The orders were passed after hearing senior counsel N.R. Elango for the petitioner and Additional Solicitor General R. Sankaranarayanan who pointed out that moving a subject from one to list to another in the seventh schedule to the Constitution could not be done unilaterally by the Parliament and that it requires a special procedure of obtaining ratification by the States. Denying any threat to the federal structure, the ASG said education had been moved only from State list to Concurrent list and not to the Union list. After making these oral submissions, he sought time to file a detailed counter affidavit.
Chennai-based Aram Seyya Virumbu Trust, that provides legal assistance to the poor, had filed the writ petition. Filing an affidavit in a representative capacity, one of its trustees, Ezhilan Naganathan, a doctor by profession and now a Member of the Legislative Assembly representing Thousand Lights constituency, said retired High Court judges G.M. Akbar Ali and C.T. Selvam as well as Readers’ Editor of The Hindu A.S. Panneerselvan were among the other trustees. He claimed that all the trustees had unanimously decided to file the present writ petition and authorised him to file the affidavit.
He pointed out that education was a provincial subject even during the colonial era and referred to the Government of India Act of 1935. Post Independence too, the framers of the Constitution thought it fit to keep education under the State list and only the subject of maintenance of standards in higher education was conferred on the Union.

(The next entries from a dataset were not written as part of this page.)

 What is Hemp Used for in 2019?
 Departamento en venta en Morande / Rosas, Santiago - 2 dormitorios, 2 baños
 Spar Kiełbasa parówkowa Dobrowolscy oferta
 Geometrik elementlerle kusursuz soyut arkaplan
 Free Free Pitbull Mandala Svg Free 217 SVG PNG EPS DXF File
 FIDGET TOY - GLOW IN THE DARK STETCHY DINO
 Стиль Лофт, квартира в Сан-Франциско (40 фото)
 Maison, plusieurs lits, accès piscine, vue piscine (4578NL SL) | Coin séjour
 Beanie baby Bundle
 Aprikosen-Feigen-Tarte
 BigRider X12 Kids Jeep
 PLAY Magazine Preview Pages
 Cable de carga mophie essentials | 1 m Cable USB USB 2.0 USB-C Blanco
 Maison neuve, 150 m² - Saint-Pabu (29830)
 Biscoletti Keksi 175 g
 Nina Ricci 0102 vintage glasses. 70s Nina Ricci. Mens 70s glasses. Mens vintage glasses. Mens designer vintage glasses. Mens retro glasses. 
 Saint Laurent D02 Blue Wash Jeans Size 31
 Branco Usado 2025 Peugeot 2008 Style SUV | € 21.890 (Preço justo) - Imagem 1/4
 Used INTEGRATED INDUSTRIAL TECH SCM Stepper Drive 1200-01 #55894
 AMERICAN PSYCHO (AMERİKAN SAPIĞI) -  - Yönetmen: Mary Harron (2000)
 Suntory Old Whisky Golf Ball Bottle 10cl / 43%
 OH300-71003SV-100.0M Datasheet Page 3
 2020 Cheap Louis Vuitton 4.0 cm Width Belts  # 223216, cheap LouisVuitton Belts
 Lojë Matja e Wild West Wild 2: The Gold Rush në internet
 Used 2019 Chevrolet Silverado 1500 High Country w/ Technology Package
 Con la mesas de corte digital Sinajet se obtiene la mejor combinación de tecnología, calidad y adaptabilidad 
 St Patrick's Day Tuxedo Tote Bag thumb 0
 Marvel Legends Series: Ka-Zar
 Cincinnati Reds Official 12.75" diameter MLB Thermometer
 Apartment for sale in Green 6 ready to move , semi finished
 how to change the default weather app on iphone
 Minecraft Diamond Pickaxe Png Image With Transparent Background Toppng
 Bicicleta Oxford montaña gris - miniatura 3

The petitioner trust cited Constituent Assembly debates to highlight how its members had batted in favour of keeping education under the control of the State governments and opposed any move to make it a Central subject. It said Marathi freedom fighter V.S. Sarwate had argued that if the provinces did not have sufficient resources for advancing education, then the alternative should be not to transfer education to the Centre but to make the provinces have sufficient resources.
T.T. Krishnamachari too had echoed similar sentiments and ultimately, the Constituent Assembly found favour with the argument that education was primarily a provincial/State subject and that the Union should not interfere in this domain. However, this situation was overturned through the 1976 constitutional amendment and the exercise of legislative/executive authority of the State in the matter of education was made subordinate to the authority of the Centre, the trust complained.
This amendment disturbed the federal balance and gradually, the Parliament began legislating in a manner that had made the federal imbalance more apparent and pronounced. It was evident from the National Council of Teacher Education (NCTE) Act of 1993, the NCTE (Determination of Minimum Qualifications for Persons to be recruited as Teachers and Physical Education Teacher in pre-primary, upper primary, secondary, senior secondary or intermediate schools or colleges) Regulations of 2014 and the National Education Policy (NEP) of 2020, the trust said.
“Prescribing minimum qualifications for the teachers of basic education disturbs the State autonomy and fails to recognise that the State is a legitimate stakeholder in assessing the needs and requirements of the teaching profession,” the affidavit read and pointed out that the NEP had also envisaged many centralised agencies which would effectively control all aspects of education in the country.
“Implementation of NEP will lead to a situation where the autonomy of the States in the field of education will be completely taken away thereby striking at the very root of the federal structure,” the trust said and pointed out that education continued to be treated as a provincial/State subject in contemporary large democracies such as Canada, Australia and the United States.
The trust urged the court to strike down Section 57 of the 1976 Act and consequently restore the position of education as a State subject.